A gestão Luiz Inácio Lula da Silva (PT) tem sofrido críticas por falhas no enfrentamento aos incêndios em série que ocorrem em vários biomas, como Amazônia e Pantanal. No domingo, Lula esteve na sede do Ibama, em Brasília, para debater operações de combate às queimadas. Em publicação na rede social X (antigo Twitter), Lula afirmou que o governo vai trabalhar com governadores para conter os incêndios.

Ao Estadão, o Agostinho, rebateu críticas feitas ao governo em relação à atuação no combate aos incêndios. Segundo ele, há 3 mil brigadistas em atuação em todo território nacional, considerando os efetivos do Ibama e do ICMBio, órgão federal responsável pelas unidades de conservação.

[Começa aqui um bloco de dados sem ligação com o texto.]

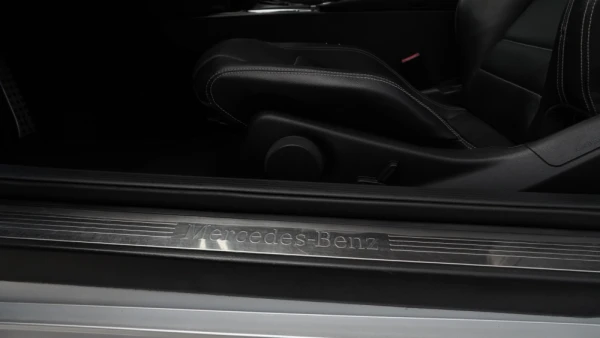 Mercedes-Benz E 250 CDI AMG 27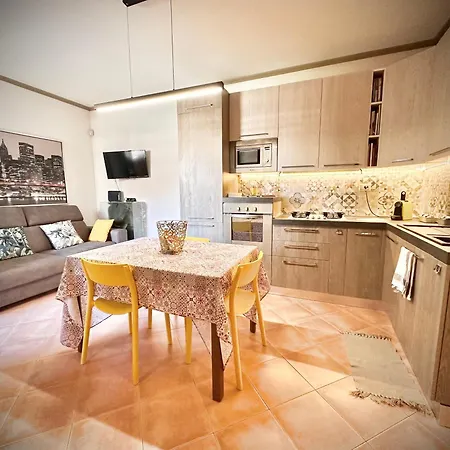 With Private Parking - Roma Est. Apartment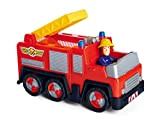 Simba 109252505 - Pompiere Sam Jupiter, versione bambino con figura 7 cm, auto giocattolo da 17 cm, camion dei pompieri ...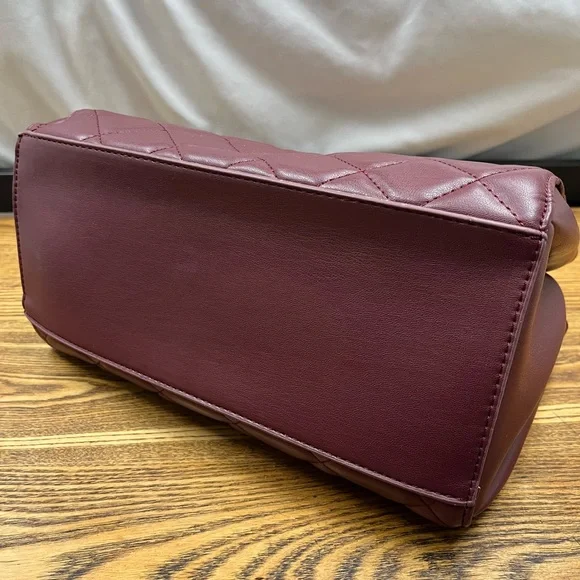 Badgley Mischka Burgundy Large Quilted Shoulder Bag With Detachable Strap - Picture 8 of 8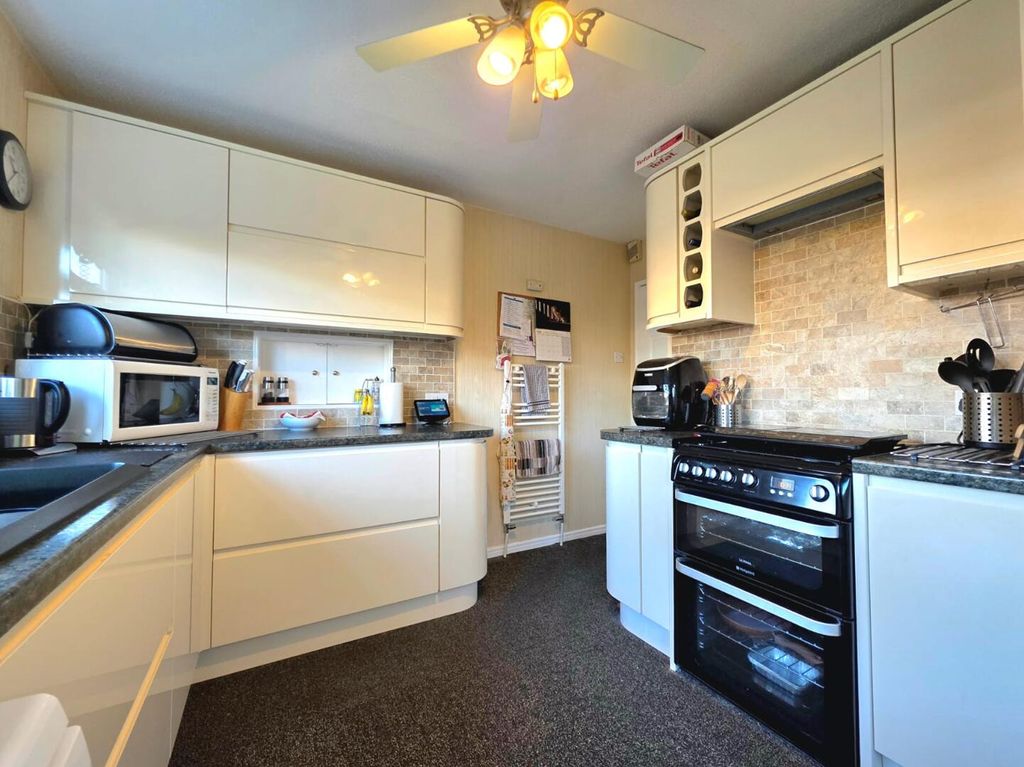 Property photo 2 of 23 Kitchen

Agostinho destacou ainda a atuação de aeronaves do Ministério da Defesa nas operações, como o KC-390. Segundo ele, embora o número de brigadistas do Ibama seja menor em São Paulo, o grande contingente de bombeiros estaduais e a atuação de brigadistas das empresas de cana têm auxiliado no combate às chamas.

“Não é o governo que coloca fogo. Nosso papel é prevenir e combater . E isso está sendo feito, com esforço grande”, disse.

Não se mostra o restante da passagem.